血管は国民病のがん、心疾患、脳血管疾患いずれにも深く関与しており、疾患の発症、進展に深く関与しているため、血管を制御することにより疾患の治療が可能である。特にがんにおいて血管新生はその進展・転移に不可欠であるため、血管の内側を構成する血管内皮細胞は新たながん治療法、血管新生阻害剤の重要な標的である。しかし、こうした血管を標的とした現在の治療薬にはいくつかの課題があることも明らかになってきた。例えば、正常血管への傷害による副作用や薬剤耐性の問題である。さらにコンパニオン診断薬が存在しないことから、治療時期や投与期間、適応患者の選択が困難となっており、新たな血管新生阻害戦略の構築が必要性が認識されている。

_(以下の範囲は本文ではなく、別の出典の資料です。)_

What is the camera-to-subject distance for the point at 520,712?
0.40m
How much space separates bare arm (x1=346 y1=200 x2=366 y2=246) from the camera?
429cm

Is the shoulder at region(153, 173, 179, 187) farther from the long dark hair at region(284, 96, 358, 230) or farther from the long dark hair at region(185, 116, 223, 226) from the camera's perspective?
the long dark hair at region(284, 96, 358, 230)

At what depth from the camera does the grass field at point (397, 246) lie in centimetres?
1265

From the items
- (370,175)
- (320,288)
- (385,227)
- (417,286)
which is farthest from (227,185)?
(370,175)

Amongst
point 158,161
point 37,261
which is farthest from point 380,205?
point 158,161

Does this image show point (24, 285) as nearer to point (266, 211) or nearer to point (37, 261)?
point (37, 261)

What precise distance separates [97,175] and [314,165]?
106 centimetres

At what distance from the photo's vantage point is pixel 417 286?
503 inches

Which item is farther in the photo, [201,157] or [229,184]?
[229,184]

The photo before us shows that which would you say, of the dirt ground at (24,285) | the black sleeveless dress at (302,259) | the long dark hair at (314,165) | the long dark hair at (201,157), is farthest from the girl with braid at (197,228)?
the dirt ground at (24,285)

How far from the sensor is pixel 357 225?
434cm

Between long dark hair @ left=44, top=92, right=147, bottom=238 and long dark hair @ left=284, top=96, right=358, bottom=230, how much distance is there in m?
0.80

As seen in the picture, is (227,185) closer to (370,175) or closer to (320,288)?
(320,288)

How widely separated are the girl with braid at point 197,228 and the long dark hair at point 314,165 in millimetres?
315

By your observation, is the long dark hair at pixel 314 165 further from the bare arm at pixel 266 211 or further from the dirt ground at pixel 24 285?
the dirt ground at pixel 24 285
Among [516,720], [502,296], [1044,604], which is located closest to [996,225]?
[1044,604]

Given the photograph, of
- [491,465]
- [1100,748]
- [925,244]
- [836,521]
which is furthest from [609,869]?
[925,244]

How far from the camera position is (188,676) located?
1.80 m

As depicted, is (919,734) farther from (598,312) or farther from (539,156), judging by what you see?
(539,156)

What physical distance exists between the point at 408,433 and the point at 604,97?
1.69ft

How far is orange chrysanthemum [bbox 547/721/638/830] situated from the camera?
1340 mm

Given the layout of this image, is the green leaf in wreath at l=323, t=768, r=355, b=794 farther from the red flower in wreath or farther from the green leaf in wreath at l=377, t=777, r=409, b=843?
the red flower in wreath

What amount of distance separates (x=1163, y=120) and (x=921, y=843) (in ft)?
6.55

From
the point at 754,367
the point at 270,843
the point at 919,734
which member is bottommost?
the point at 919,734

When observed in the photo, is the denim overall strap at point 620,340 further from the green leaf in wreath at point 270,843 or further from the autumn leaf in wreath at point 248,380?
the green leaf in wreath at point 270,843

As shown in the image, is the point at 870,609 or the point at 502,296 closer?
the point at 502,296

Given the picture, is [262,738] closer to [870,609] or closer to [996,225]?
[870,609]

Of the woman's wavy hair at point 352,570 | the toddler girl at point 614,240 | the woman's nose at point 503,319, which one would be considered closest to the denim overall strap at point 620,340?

我々はこれまで腫瘍血管内皮細胞(Tumor endothelial cell: TEC)を分離培養し、それらが正常血管内皮細胞(Normal endothelial cell: NEC)と異なることを明らかにしてきた.また、これまでの連携プロジェクトにおいてTECの新たな生物像(薬剤耐性、多様性【図1】、幹細胞性、がんの転移誘導など)を発見・報告してきた。

【図1】腫瘍血管内皮の多様性を発見

2019年度に開始された本プロジェクトにおいては、 1)TECマーカーを標的とした診断・治療法開発【図2】、2)TEC とがん微小環境の関係解明【図3】、3)薬剤耐性や転移などがんの悪性化におけるTECの分子機構の解明、4)癌免疫におけるTECマーカーの関与、について基礎研究を進める。さらにこれまでのTEC に関する基礎研究成果を生かし、他の臓器(肝臓、肺、膵臓、脂肪、脳など)における血管の特異性や、がんや他の代謝性疾患、神経疾患などにおいても血管の役割、特異性を解明する。

【図2】腫瘍血管に特異な治療薬の開発

【図3】がん微小環境の関係解明

 

一方、われわれの教室は病理をベースに臨床系の複数の医師、研究者と共同で研究を進めてきた。今期のプロジェクトにおいてはこうした橋渡し研究(トランスレーショナルリサーチ)をさらに推進し、その成果を薬学研究院原島研、工学研究院渡慶次研と連携し血管標的ナノ医薬の開発・実用化につなげる。